Oct 29

Creating a show Part 2: Missing Pieces

This post continues from last week’s post on The Idea.

So I had a strong concept but it wasn’t quite working yet and I didn’t have a mission. Does a show need a mission? For me, yes. I think every creative endeavour needs a mission. Because getting anything off the ground is hard work. It can be gruelling. To push through the resistance, you need to have a strong sense of why you are doing what you’re doing. “I think this idea is nice” is rarely enough. You won’t last if that’s all you’ve got.

More importantly, you can’t do it alone. You need people to support you, to believe in the project and to help out. You need a reason for them to really care. That is why a mission is so important. It is a driving force. And this project didn’t have one yet.
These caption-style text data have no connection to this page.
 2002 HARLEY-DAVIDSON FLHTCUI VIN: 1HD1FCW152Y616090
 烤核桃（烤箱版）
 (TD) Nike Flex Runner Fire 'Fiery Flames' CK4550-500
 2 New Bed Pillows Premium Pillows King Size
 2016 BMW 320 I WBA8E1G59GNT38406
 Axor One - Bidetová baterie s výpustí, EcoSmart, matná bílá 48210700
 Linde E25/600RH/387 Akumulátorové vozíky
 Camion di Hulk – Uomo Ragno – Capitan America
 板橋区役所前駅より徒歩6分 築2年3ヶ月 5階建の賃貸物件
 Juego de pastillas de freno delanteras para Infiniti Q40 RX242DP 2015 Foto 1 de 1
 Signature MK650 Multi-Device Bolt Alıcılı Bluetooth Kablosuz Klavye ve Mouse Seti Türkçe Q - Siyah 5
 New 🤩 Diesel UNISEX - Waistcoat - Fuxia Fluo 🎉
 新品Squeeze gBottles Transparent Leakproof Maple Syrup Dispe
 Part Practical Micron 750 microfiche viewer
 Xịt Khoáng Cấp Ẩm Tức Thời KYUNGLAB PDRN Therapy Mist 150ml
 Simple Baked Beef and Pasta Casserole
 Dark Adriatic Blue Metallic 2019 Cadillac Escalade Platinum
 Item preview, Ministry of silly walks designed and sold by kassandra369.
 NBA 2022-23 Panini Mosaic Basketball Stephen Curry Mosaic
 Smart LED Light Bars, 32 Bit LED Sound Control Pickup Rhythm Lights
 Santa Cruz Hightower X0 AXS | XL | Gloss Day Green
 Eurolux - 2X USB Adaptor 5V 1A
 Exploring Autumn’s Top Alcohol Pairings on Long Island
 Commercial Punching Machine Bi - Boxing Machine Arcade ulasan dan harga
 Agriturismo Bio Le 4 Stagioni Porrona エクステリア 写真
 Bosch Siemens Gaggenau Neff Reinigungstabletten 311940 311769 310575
But what I found at this time is that, actually, I had one. I had recently launched Planet Cosmo and that show seemed to achieve its mission – to introduce children to the planets. It had a clear educational goal and I now had a list of other educational goals I wanted to explore too. But Cosmo wasn’t an easy production. I found I didn’t want to jump straight into another similar mission. Really, what I needed was a palette cleanser. A whole other kind of mission – I just wanted to make kids laugh.

I was looking for comedy.

Sure, inevitably I would want to build something on a backbone of positivity. That’s what I do. But I wanted something that kids could just enjoy. I was working up a few things to fit that brief (a zebra named Richard, a collection of little monsters and so on) when I realised that, actually, this tiger zoo thing might be a really good fit.

I put the two together and Anything But The Monkeys now had a mission: it would be the funniest thing for preschoolers I could possibly make. Not just a project with some smiles or the odd bit of humour (a lot of preschool content has that already). A full-on comedy. I would amend, change and work at it until it made children laugh.

This was a huge step in the project. Knowing the mission can drive everything.

But unfortunately I knew this tiger wasn’t fully carrying the idea. He was funny so why didn’t it feel right?

I spent a long time working this out, trying to find what was missing and came to many different conclusions. The idea of the tiger character was that he would come in to the zoo when required. Like Shane in that western story, Shane. That meant we had no real anchor within the zoo itself. Perhaps that was causing a disconnect as we couldn’t quite lock on to that world? Even then, was the comedy right? He was funny in the way Niles Crane is funny. Or Eric Morecambe is funny. Hmmm… grown up humour. Not child’s humour. And in each one of those examples, they need a counterpart. The straight man. This big tiger needed a partner. More importantly, he needed a partner anchored to that zoo who would provide a child’s point of view – someone who would invite kids into this story and allow them to see the funny side of this tiger. A character who is just like the audience.

Not just a sidekick, that would be a half measure. I needed whole new main character. A new focal point.

Atiger2

I tried a lot of ideas for that (such as the child tiger character seen above) before locking on to an early drawing of a little zookeeper. What if the zookeeper was a child? A little kid running a zoo. That in itself seemed like a strong concept. It could be a pitch all on its own (yes, I was already thinking about the pitch – more on that in another post). And rather than competing with the tiger concept, it seemed to provide an anchor to bring the tiger character in.

My one-tiger show was now a double act and getting this zookeeper right would be the key to the whole concept.